Dataset records START

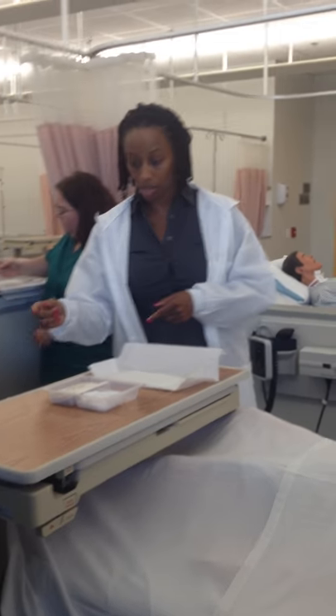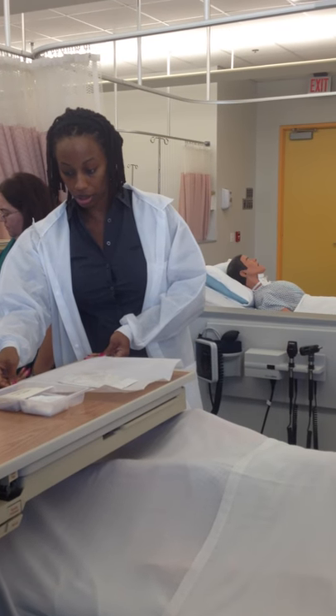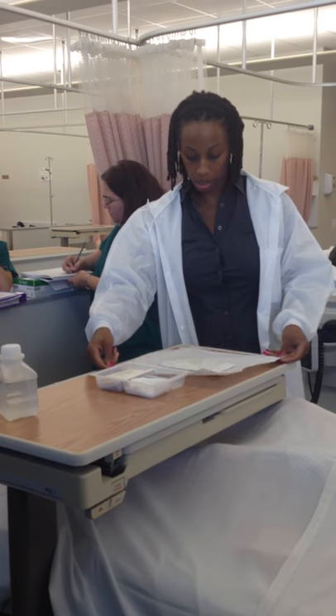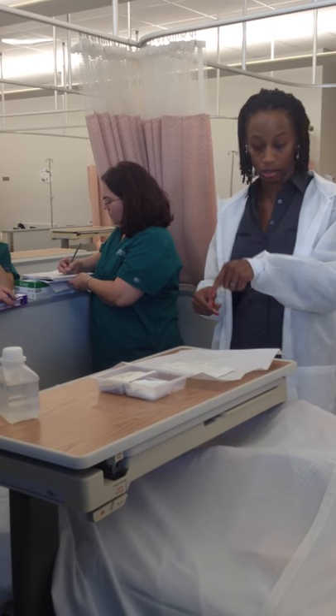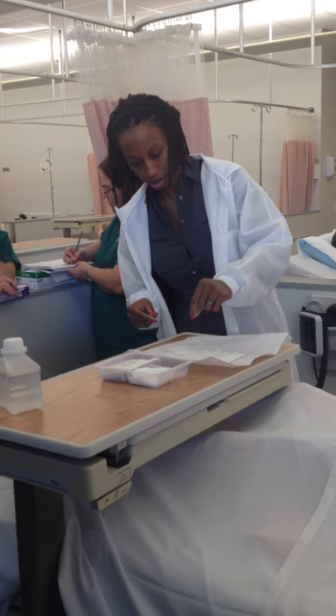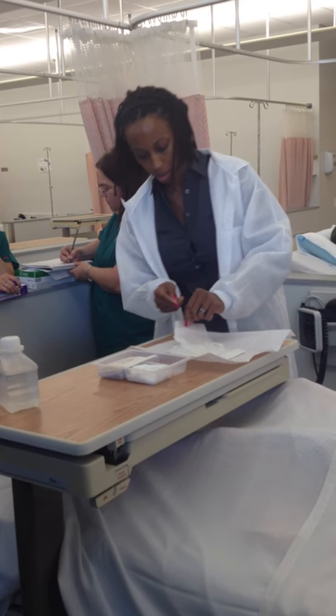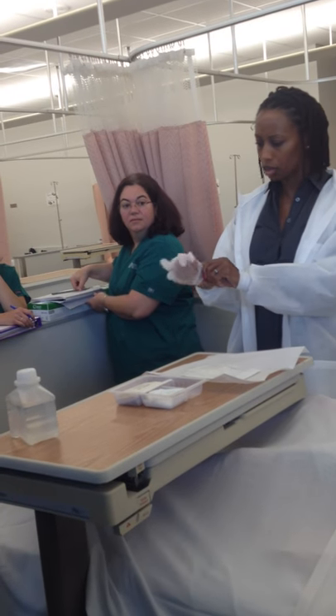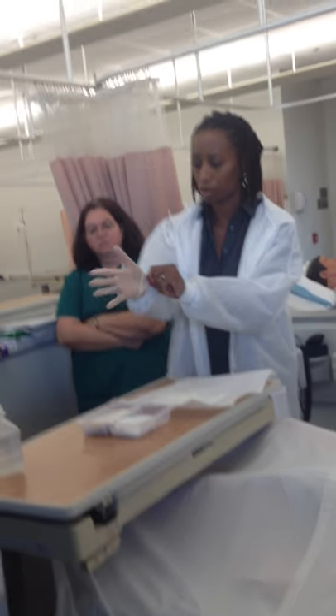You have two sets of sterile gloves: one for your suction kit, one for the care and cleaning. I just open everything up and I'm going to use the gloves that are here first. I grab the first glove. As you can see, the ones in your kit — yours may actually be in paper; mine isn't.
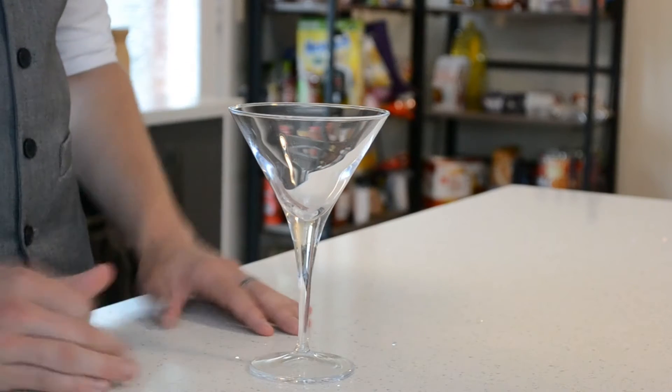The cosmopolitan is popularly served in a martini glass. It technically is a martini type of drink, and that basically just means it comes in one of these glasses or something very similar.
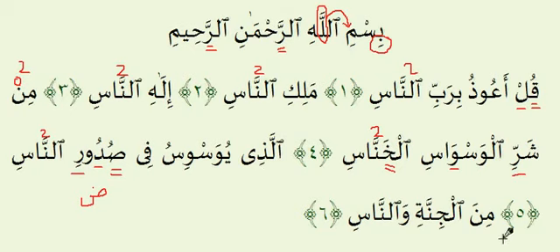Last Ayah: Minal jinnati wan naas. Make sure you have the E sound for the Meem — Minal jinnati wan naas. Two counts on the Noon, and two counts on the Noon again. One thing you'll notice in the Surah is that there are a lot of Ghunnas related to the Noon with the Shadda on top — for every single Ghunnah of this type that appears, you want to hold it for two counts.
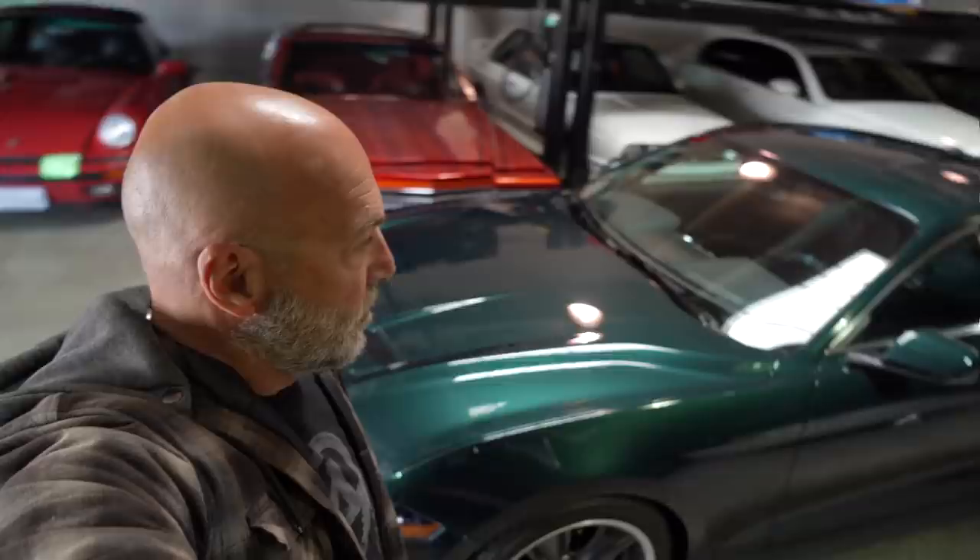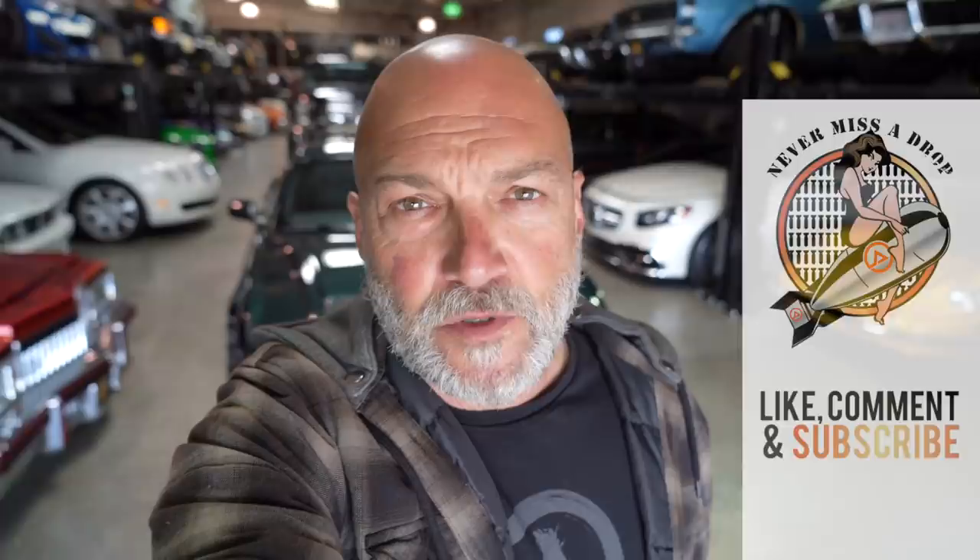Alright, that is it for our shoot of this 2019 Bullitt Mustang Steve McQueen edition from Steeda. This thing is completely badass — the color's right, the wheels are right, the stance, the big Brembo brake package, the additional power, all the suspension — it's set up to drive. I would have loved to spend the rest of the day driving this car. Thanks for hanging, watching, and supporting what we do. I'll see you in the next episode.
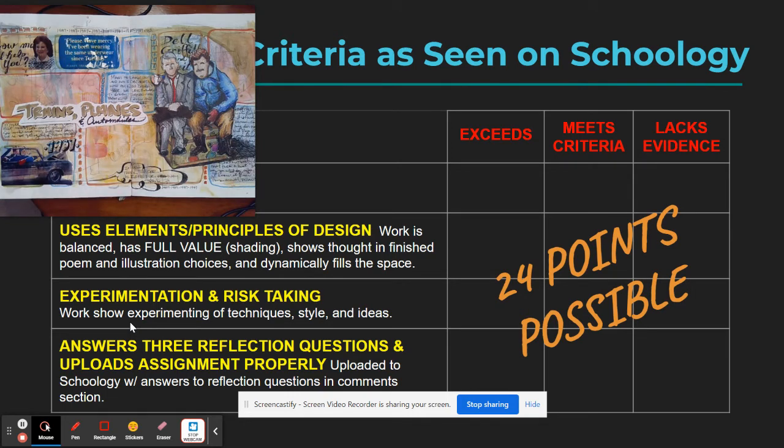Hopefully that gives you some insight into the assignment. As always, you'll have two in-class days to work on it — you can ask questions, experiment, and take risks. The assignment is due on February 10th. If you work on it during the two in-class days, you could get it all finished. I can't wait to see your results — good luck, and ask me if you have any questions.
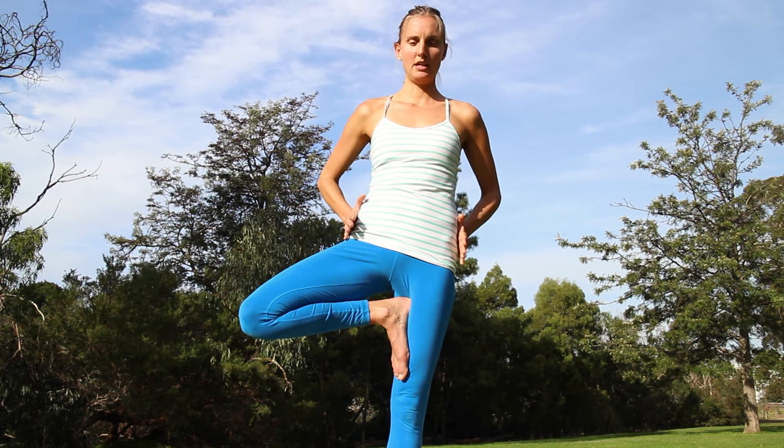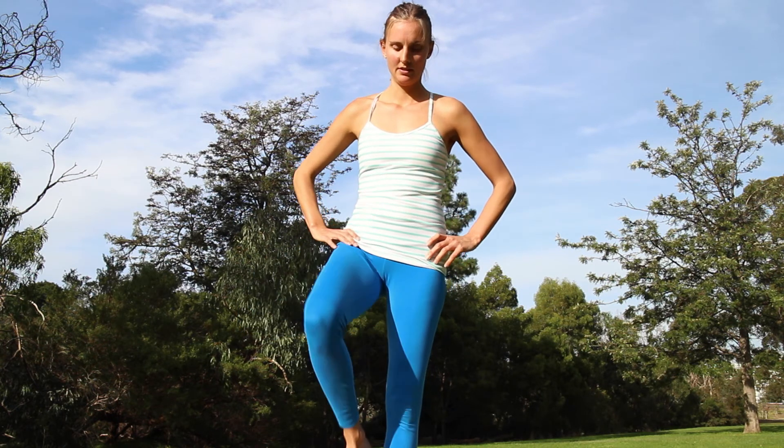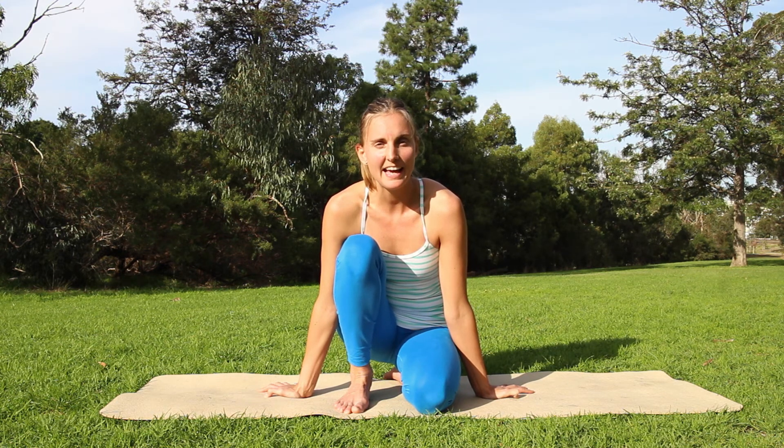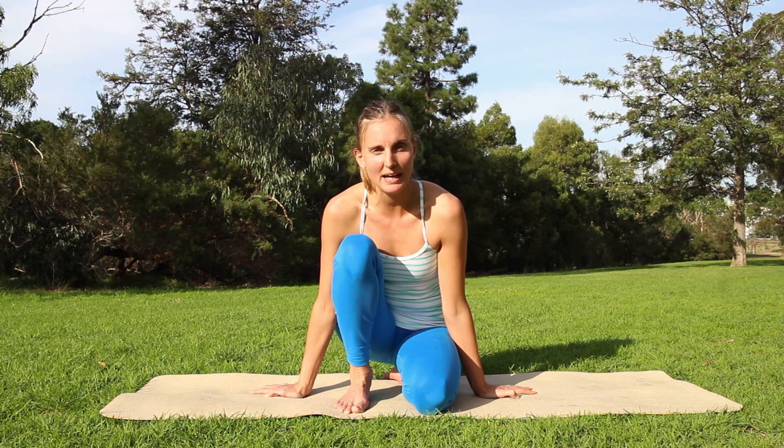You want to keep the pelvis facing forward, exploring your own range of movement, taking the knee out to the side and externally rotating in the hip socket. I hope that makes sense. If you have any questions, just leave me a comment or get in touch via Facebook or my website, and I look forward to having you back soon.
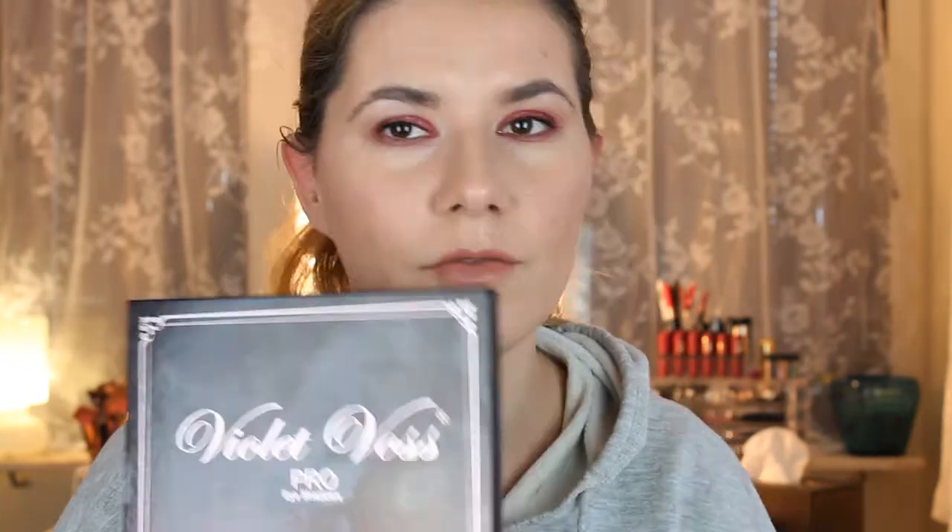The eyeshadows I wear today are from the Violet Voss Pro eyeshadow palette, which I was so happy to find on madlady.com. I really wanted to get my hands on this one for a long time, but it was unfortunately not available in Sweden and I couldn't order it from the website because they didn't ship to my country. I also have the Violet Voss Laura Lee palette — I love Laura Lee — but I'm going to do another video with swatches for that one. Let's do swatches!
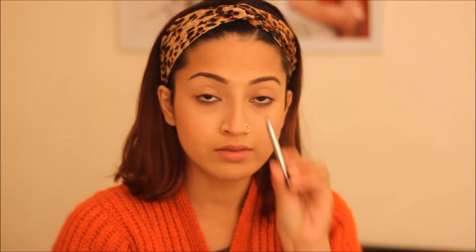If you don't like compacts, now I'm gonna apply some colored eye pencil on my eyes. I'm using this Color Bar purple shade. You can go for blues or greens — it just adds a pop of color on your eyes.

Dataset records END

What to do: Restate the lines of the records exactly, starting at the first and stopping after the line with "Last Ayah: Minal". Leave out any picture.

Answer area:
You have two sets of sterile gloves: one for your suction kit, one for the care and cleaning. I just open everything up and I'm going to use the gloves that are here first. I grab the first glove. As you can see, the ones in your kit — yours may actually be in paper; mine isn't.
The cosmopolitan is popularly served in a martini glass. It technically is a martini type of drink, and that basically just means it comes in one of these glasses or something very similar.
Last Ayah: Minal jinnati wan naas. Make sure you have the E sound for the Meem — Minal jinnati wan naas. Two counts on the Noon, and two counts on the Noon again. One thing you'll notice in the Surah is that there are a lot of Ghunnas related to the Noon with the Shadda on top — for every single Ghunnah of this type that appears, you want to hold it for two counts.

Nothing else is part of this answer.